Also, in the FRET process the ratio between two fluorescence intensities are measured where one fluorescence intensity (donor) increases and the other (acceptor) decreases⁴³. Therefore, effect of the presence of any contaminations or junk materials during sensing is automatically minimized. Therefore, FRET based sensing system is highly efficient and sensitive towards the target analytes. It is believed that the proposed FRET based pesticide sensor may be very effective towards sensing and optimum use of pesticides.

As a whole in this work, we have demonstrated the spectroscopic behavior of two dyes Acf and RhB assembled onto LbL films. Different LbL film formation parameters such as interaction time, pH and temperature of solution etc. have been optimized. FRET between Acf and RhB has also been investigated under various micro-environments. Application of FRET in the present system has also been utilized to design FRET based pesticide sensor. Such sensor can be used to sense other chemical contaminants too. Work is going on in our lab in this regard.

Materials and methods

Materials

Xanthane dyes Acf and RhB (Fig.S1 & Fig.S2 of supporting information), PAA, SA were purchased from Sigma Chemical Co. USA and used as received. Distilled water and HPLC grade chloroform were used as solvents. The dyes used in our studies are cationic in nature. The clay mineral used in this work was laponite, and obtained from Laponite Inorganic, UK. The CEC value of 0.739 meq/g was obtained using CsCl, and the size of the clay platelet is less than 0.05 μm⁴⁴. Pretilachlor (Fig.S3 in supporting information) 50% EC (IUPAC Name: 2-chloro-N-(2,6-diethylphenyl)-N-(2-propoxyethyl)acetamide) was purchased from local market. Different concentrations (0.25 ml/L, 0.5 ml/L, 0.75 ml/L, 1 ml/L) of pretilachlor were prepared using distilled water. Dye solutions were prepared in distilled water. For spectroscopic measurement of the dye films, the concentration was optimized at 10^− 4 M. Distilled water was used to prepare the clay dispersion, which was then magnetically stirred for 24 h and sonicated for 30 min before usage. In all cases, the clay concentration was 2 ppm and the dye concentration was 10^− 4 M for both Acf and RhB. During the fabrication of LbL self-assembled films, PAA was used as a polyanion. The solutions of SA was prepared by dissolving it in HPLC grade chloroform.
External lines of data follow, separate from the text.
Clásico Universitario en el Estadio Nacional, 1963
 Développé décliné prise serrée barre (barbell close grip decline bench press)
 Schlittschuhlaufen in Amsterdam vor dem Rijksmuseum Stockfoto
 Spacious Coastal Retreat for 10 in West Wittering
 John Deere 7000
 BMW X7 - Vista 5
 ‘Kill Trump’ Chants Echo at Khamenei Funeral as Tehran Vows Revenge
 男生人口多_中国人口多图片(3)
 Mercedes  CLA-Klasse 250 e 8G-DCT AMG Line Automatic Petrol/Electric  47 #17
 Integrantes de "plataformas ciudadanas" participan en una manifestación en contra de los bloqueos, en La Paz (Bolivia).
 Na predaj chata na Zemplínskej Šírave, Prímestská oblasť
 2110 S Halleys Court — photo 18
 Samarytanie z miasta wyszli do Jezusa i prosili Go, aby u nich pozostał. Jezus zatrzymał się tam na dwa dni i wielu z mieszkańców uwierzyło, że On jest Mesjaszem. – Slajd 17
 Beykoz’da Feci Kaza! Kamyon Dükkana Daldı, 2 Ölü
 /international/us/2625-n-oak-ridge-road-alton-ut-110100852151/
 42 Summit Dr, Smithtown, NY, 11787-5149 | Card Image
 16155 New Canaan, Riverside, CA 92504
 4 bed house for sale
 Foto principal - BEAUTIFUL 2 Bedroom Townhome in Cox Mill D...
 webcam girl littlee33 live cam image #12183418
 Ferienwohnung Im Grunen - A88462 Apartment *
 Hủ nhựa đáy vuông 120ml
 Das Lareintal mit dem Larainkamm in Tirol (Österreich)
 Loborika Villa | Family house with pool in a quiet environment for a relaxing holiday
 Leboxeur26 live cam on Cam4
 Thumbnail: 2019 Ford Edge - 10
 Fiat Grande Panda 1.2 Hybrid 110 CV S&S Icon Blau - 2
UV–Vis absorption and fluorescence spectra measurement

UV–Vis absorption and fluorescence spectra of the solutions and films were recorded by Perkin Elmer Spectrophotometer (Lambda-25), Shimadzu 1800 and Perkin Elmer Fluorescence Spectrophotometer (LS-55) respectively. The excitation wavelength for the fluorescence measurement was 430 nm, which is in proximity to the Acf absorption maximum.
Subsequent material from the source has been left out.